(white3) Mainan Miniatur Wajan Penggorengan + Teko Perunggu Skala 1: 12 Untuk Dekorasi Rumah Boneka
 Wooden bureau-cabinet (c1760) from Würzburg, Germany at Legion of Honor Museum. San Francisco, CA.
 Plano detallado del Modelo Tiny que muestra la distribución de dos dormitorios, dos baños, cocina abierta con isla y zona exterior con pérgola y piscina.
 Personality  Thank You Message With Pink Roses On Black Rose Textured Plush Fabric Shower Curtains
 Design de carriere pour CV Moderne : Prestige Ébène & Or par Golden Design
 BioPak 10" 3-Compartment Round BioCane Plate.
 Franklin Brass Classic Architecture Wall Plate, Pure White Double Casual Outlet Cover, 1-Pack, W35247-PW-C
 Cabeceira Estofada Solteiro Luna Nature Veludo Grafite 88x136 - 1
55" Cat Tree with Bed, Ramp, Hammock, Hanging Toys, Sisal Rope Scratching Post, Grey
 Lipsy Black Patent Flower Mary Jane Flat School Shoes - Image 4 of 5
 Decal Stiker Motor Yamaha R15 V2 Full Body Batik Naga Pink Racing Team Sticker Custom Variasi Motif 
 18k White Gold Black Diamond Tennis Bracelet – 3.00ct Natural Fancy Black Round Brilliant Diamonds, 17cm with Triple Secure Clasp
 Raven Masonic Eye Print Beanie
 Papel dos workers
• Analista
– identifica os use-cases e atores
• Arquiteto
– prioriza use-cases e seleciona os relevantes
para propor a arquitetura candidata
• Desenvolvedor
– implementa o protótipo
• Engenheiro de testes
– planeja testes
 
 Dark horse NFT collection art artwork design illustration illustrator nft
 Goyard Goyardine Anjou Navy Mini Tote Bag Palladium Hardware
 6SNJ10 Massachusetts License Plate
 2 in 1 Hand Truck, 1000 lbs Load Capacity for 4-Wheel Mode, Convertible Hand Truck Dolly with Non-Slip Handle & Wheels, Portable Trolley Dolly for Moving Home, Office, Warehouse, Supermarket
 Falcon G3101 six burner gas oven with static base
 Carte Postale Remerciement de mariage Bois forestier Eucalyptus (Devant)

****************

WHAT YOU WILL DO:
Return the span of lines in the data above that opens at the line with "Lipsy Black Patent" and closes at the line with "Goyard Goyardine Anjou", exactly, ends included, nothing else.

ANSWER SPACE:
 Lipsy Black Patent Flower Mary Jane Flat School Shoes - Image 4 of 5
 Decal Stiker Motor Yamaha R15 V2 Full Body Batik Naga Pink Racing Team Sticker Custom Variasi Motif 
 18k White Gold Black Diamond Tennis Bracelet – 3.00ct Natural Fancy Black Round Brilliant Diamonds, 17cm with Triple Secure Clasp
 Raven Masonic Eye Print Beanie
 Papel dos workers
• Analista
– identifica os use-cases e atores
• Arquiteto
– prioriza use-cases e seleciona os relevantes
para propor a arquitetura candidata
• Desenvolvedor
– implementa o protótipo
• Engenheiro de testes
– planeja testes
 
 Dark horse NFT collection art artwork design illustration illustrator nft
 Goyard Goyardine Anjou Navy Mini Tote Bag Palladium Hardware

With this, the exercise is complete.